> **Task data**:
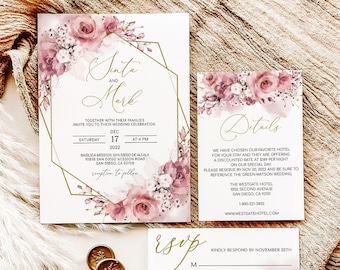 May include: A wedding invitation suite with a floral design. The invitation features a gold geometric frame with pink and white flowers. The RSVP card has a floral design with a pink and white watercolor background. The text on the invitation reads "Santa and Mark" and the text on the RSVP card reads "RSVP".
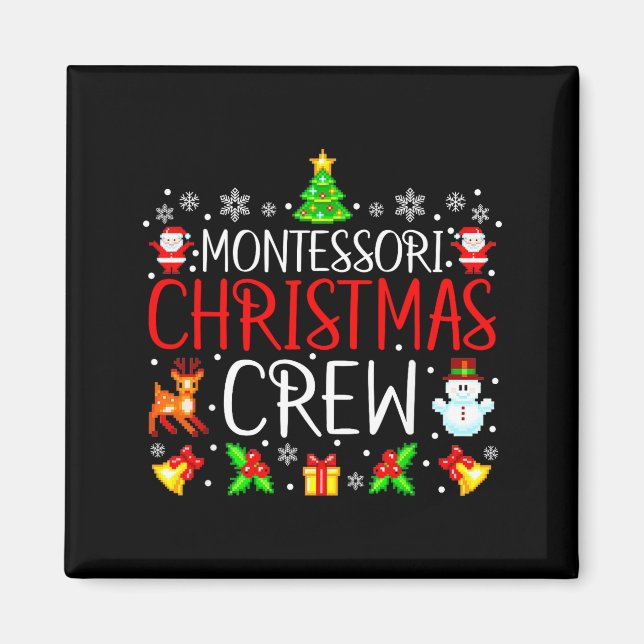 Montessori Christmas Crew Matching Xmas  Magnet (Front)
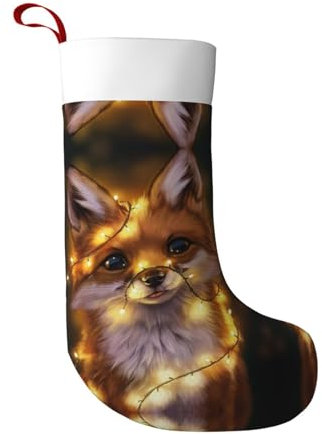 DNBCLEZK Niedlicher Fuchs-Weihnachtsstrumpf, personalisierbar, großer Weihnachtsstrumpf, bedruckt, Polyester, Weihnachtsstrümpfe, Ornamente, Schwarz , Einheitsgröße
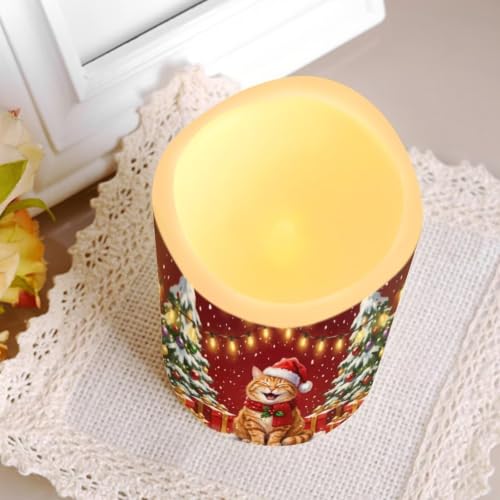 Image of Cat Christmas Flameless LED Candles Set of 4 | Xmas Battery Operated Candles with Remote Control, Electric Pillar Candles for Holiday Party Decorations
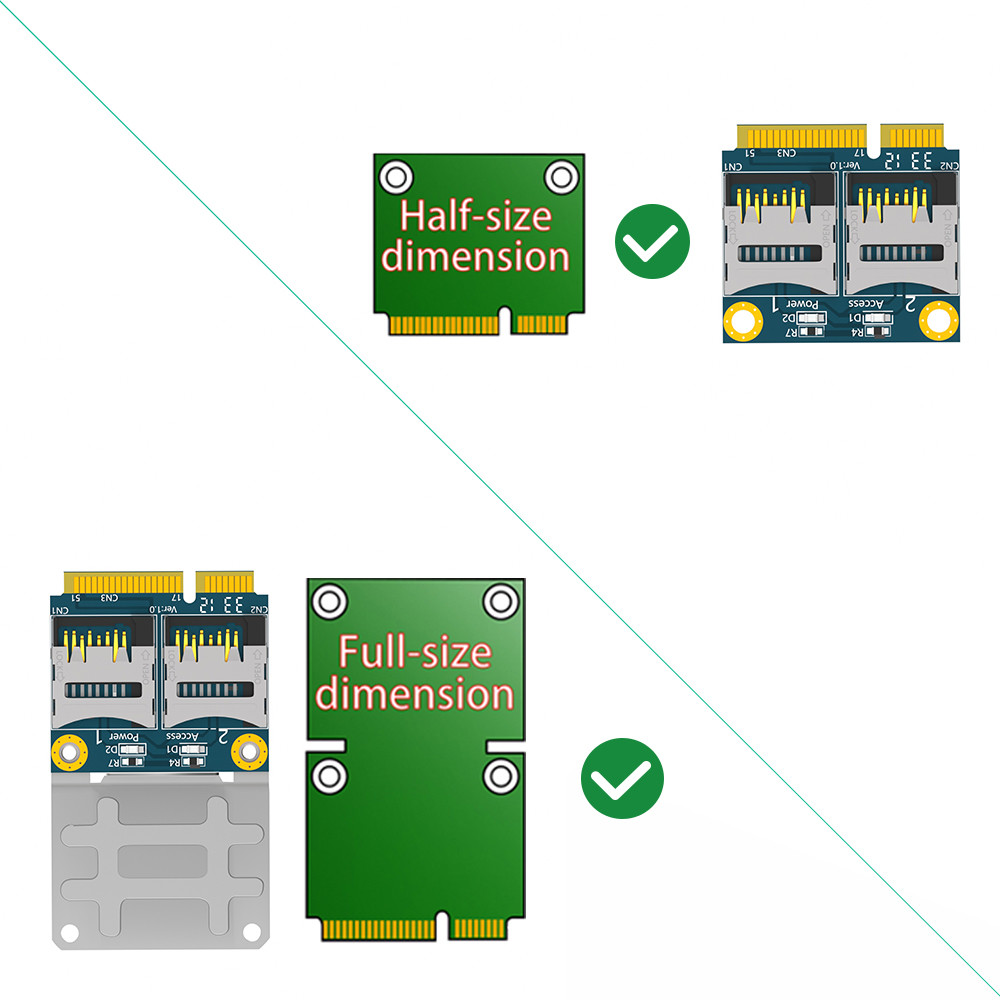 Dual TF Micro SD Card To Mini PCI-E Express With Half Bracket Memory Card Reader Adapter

> **What is required**: What you return should be the whole listing, word for word, without its pictures.

> **Answer section**:
 May include: A wedding invitation suite with a floral design. The invitation features a gold geometric frame with pink and white flowers. The RSVP card has a floral design with a pink and white watercolor background. The text on the invitation reads "Santa and Mark" and the text on the RSVP card reads "RSVP".
 Montessori Christmas Crew Matching Xmas  Magnet (Front)
 DNBCLEZK Niedlicher Fuchs-Weihnachtsstrumpf, personalisierbar, großer Weihnachtsstrumpf, bedruckt, Polyester, Weihnachtsstrümpfe, Ornamente, Schwarz , Einheitsgröße
 Image of Cat Christmas Flameless LED Candles Set of 4 | Xmas Battery Operated Candles with Remote Control, Electric Pillar Candles for Holiday Party Decorations
 Dual TF Micro SD Card To Mini PCI-E Express With Half Bracket Memory Card Reader Adapter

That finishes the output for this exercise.